Czech European Presidency 2009
The Czech European Presidency (January 2009-June 2009) followed on from France. It's motto was 'Europe without Barriers."
The Czech Republic European Presidency formed part of the troika Presidencies alongside France and Sweden. As such it was committed to promote healthy, active and dignified ageing.The Czech Presidency organised “the European Conference on Dignity and Hazard in the Elderly”, which took place in Prague in May 2009.
Alzheimer Europe talks with the Czech Health Minister, Danieal Filipova, about the Czech Presidency which ran from January 2009 - June 2009.
Alzheimer Europe (AE): Minister Filipiova, the ageing of European populations has been recognised as a priority by a number of EU Presidencies. The French Presidency organised a key conference on Alzheimer’s disease and two Council conclusions were dedicated to the importance of greater European collaboration on Alzheimer’s disease. Does the Czech Presidency plan any specific follow-up initiatives in this field?
Daniela Filipiova (DF): The Czech Republic is committed to the shared priority of troika (The European Presidencies of France, Czech Republic and Sweden) that is to promote healthy, active and dignified ageing. Of course, in the context of demographic ageing and rising numbers of frail seniors, Alzheimer’s disease and other forms of dementia are one of the key challenges for the near future, in terms of ensuring quality treatment and care, protecting dignity and rights of people with dementia and their carers and promoting social inclusion.
Demographic ageing requires a change in the health strategy. The rising number of frail, older people necessitates adapting health services and ensuring the availability of geriatric care, long-term and palliative care. The challenge ahead is to transform the success and progress of our ageing societies into future development and to promote healthy and secure lives and to strengthen cohesion in our families, communities, and societies. Adopting, implementing and developing policies that promote inclusive age-friendly society are thus strategic long-term priorities.
The Czech Government is aware of those challenges at both EU and national levels. The Czech Government in January 2008 adopted a broad strategy called “Quality of Life in Old Age”. Its primary goal is to mainstream ageing into health, education, housing and other relevant policies so that they reflect and adapt to the needs of ageing populations. The program has set forth priorities for the period 2008–2012 (1. active ageing, 2. age friendly environment and community, 3. improving health and health care in old age, 4. supporting family and carers and supporting participation of older persons in society and protection human rights). The promotion of “ageing-in-place” and protecting human rights are the overreaching priorities of the program.

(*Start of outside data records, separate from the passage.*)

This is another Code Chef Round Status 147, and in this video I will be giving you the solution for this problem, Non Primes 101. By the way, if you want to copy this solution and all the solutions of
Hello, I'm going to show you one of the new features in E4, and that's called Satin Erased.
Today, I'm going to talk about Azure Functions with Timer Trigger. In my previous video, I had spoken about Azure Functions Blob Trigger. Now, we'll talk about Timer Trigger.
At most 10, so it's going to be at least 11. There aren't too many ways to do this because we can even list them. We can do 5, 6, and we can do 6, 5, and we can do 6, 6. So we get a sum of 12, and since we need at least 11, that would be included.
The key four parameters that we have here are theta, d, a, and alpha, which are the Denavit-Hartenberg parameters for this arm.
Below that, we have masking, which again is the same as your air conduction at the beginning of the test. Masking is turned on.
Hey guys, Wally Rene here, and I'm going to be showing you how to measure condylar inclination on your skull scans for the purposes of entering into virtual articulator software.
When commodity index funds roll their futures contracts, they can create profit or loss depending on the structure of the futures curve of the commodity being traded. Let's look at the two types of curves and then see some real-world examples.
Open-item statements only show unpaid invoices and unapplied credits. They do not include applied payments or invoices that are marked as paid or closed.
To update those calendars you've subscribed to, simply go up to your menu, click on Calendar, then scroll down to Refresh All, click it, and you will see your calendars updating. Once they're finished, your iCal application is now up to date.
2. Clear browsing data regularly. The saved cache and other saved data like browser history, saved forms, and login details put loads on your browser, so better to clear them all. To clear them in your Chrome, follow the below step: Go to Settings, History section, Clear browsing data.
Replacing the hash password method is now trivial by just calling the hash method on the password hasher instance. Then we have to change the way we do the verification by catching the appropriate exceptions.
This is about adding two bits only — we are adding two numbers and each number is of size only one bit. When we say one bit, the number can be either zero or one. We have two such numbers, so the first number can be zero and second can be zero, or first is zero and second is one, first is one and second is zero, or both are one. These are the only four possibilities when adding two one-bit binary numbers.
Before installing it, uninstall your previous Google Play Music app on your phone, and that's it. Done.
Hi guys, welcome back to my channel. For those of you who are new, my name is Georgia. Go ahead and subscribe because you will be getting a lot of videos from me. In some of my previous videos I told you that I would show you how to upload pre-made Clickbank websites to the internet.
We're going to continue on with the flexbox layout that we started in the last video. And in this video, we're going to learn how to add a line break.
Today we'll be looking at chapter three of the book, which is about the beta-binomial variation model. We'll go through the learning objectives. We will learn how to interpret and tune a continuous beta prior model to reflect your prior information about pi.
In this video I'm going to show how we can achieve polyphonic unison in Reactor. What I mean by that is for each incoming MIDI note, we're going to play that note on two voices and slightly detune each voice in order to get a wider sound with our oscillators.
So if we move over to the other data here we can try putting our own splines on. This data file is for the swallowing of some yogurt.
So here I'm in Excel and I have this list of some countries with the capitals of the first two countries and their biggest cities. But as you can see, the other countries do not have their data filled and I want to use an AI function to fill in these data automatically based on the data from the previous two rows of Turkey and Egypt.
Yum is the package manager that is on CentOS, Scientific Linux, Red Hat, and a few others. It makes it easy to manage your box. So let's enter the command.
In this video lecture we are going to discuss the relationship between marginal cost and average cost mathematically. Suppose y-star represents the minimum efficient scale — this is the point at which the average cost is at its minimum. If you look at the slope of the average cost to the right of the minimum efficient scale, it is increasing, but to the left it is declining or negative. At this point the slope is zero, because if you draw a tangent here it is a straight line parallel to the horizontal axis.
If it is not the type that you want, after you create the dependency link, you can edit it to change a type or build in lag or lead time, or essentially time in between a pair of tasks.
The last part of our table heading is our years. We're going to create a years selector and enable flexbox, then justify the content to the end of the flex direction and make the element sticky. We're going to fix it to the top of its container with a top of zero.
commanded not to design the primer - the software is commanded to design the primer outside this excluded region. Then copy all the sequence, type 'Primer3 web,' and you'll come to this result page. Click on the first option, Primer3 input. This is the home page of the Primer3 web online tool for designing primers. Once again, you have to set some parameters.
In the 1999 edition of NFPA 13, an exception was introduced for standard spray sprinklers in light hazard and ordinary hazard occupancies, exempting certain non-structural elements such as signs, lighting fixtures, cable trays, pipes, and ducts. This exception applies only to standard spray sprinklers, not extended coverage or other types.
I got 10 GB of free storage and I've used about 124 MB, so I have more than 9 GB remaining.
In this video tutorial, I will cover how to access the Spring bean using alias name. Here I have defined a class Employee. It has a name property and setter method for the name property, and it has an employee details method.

AE: Are there other Presidency priorities in the health or social fields, which would be of interest to people with Alzheimer’s disease and their carers?
DF: The Czech presidency inter alia organizes the European conference “Social Services – A Tool for Mobilising Workforce and Strengthening Social Cohesion”, which will take place in Prague on 22nd and 23rd April 2009. The conference will focus on growing employment opportunities in social services in the context of population ageing, support for informal carers, the role of social services in reconciliation of employment and care, the balance between professional and family care, and active social inclusion. The conference will contribute to the exchange of best practice in those areas.
The Czech Republic is prepared to address the issue of the creation of a voluntary and legally non-binding European framework for the methodology of standards of quality of social services, which will significantly contribute to the debate on possibilities of cross-border provision of social services, and to specifically address the question of standards of quality of social services within public procurement procedures.
AE: The Czech Presidency will organise a conference on dignity and the elderly in May 2009. Do you intend to raise the specific problems faced by people with dementia and their carers at that conference?
DF: The Czech Presidency is organizing “the European Conference on Dignity and Hazard in the Elderly”, which will take place in Prague on 25th and 26th of May 2009. The conference is of strategic importance for formulating responses to challenges and opportunities of our ageing populations at the EU as well as national, regional and local levels. The conference will focus on active and healthy ageing, community and long-term care, the needs and preferences of older persons in ageing society, the role of municipalities in provision of integrated care services, geriatric frailty, prevention of abuse and neglect, ageism etc. The problems faced by people with dementia and their carers are, of course, among the issues, which will be addressed from different perspectives and in different contexts during the conference.
AE: As you know, the European Commission is in the process of developing a European initiative on Alzheimer’s disease. Which areas do you consider to be most appropriate for increased European collaboration?
DF: Undoubtedly, the most efficient way to tackle a common challenge is to streamline our efforts to prevent and minimize incidence of dementia and/or its consequences. Supporting research and effective research strategy is a key way to address this challenge. Improving the situation and dignity of carers and people with dementia by ensuring quality staff and availability of specialized health and social services is a key task and challenge.